Come detto nel mio precedente intervento, piantare alberi è uno dei presupposti di gran parte dei programmi di miglioramento ambientale delle principali istituzioni internazionali che si occupano di ambiente e, nel presente di scenario di cambiamenti globali (non solo climatici), la scelta delle piante da inserire nelle aree verdi delle nostre città non può e non deve avvenire solo su basi estetiche o limitando la scelta alle sole specie indigene, ma deve tener conto del potenziale "contributo" ambientale che le specie che saranno messe a dimora potranno apportare. Appare perciò necessario che questa scelta debba essere basata su altri parametri come la quota d’inquinanti rimossi dalla vegetazione, il miglioramento, in percentuale, della qualità dell’aria, l’emissione oraria e giornaliera dei composti organici volatili da parte della pianta, ed il relativo impatto sulla genesi di ozono e di monossido di carbonio annuali; l’ammontare totale del carbonio organicato, l’effetto del bosco urbano sull’efficienza energetica nella zona confinante, la produzione di polline e allergeni, l’evapotraspirazione e la conseguente modifica del microclima. Tutto questo deve sempre tener conto del principio “albero giusto al posto giusto”, poiché non è sufficiente, che gli alberi sopravvivano, ma che abbiano elevati tassi di crescita e, conseguentemente, elevati tassi di sequestro di CO2 e di abbattimento degli inquinanti.

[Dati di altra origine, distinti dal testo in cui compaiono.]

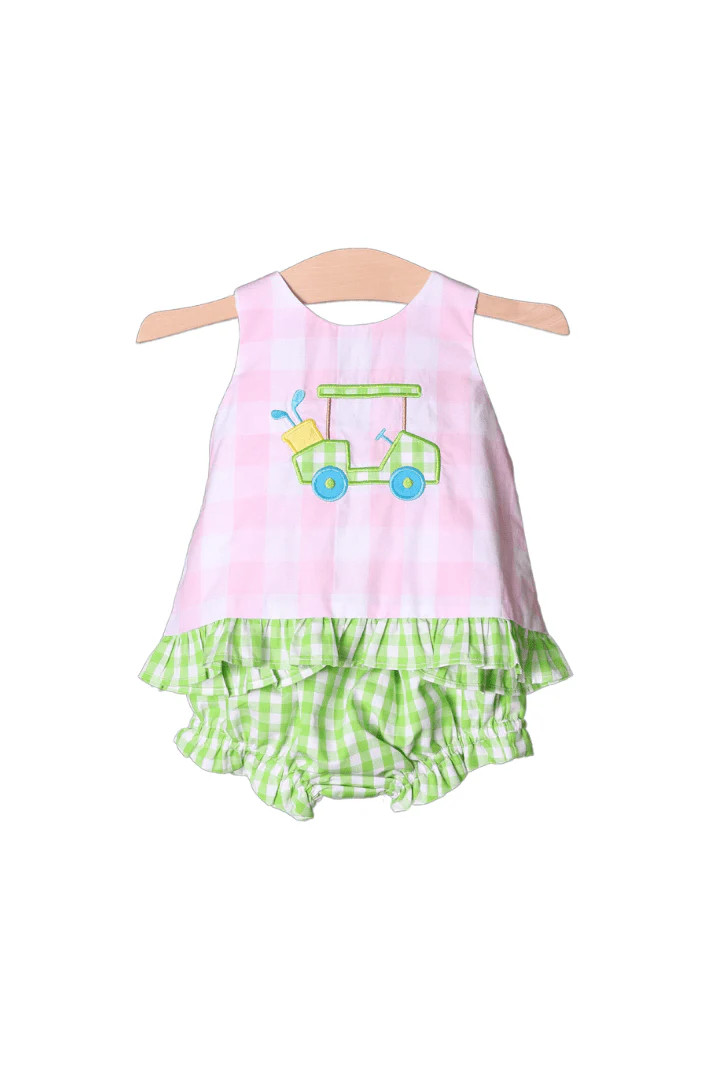 Pink Gingham Applique Golf Cart Bloomer Set | The Smocked Flamingo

La necessità di scelte corrette su ciò che dobbiamo piantare è fondamentale in un periodo in cui è ancora più evidente la natura “strutturale” delle criticità nella pianificazione, realizzazione e gestione del verde urbano e della cura degli alberi nello specifico. L’ottenimento di risultati richiede, comunque, un più forte impegno di coesione, di responsabilizzazione e di orientamento da parte dei cittadini e delle pubbliche Amministrazioni, poiché non c’è dubbio che ciò costituisce, soprattutto in una fase critica come quella attuale, un pressante richiamo alla necessità di “lavorare” insieme per un verde sostenibile dal punto di vista tecnico, economico e ambientale. Nel fare questo è bene guardarsi dall’uniformità, dal conformismo o, peggio ancora, dal dogmatismo. In una società come la nostra la ragione non deve mai addormentarsi, né rinunciare a interrogarsi e ad interrogare. In caso contrario il verde urbano non cresce e non si evolve. Vorrei terminare parafrasando Rutherford (padre della fisica nucleare e precursore della teoria orbitale dell'atomo): quando finiscono i soldi bisogna cominciare a pensare. È proprio in periodi di crisi come questo che le scarse risorse finanziare possono e devono stimolare lo sviluppo di nuove strategie e di idee innovative per la città per farle realmente “verdi”.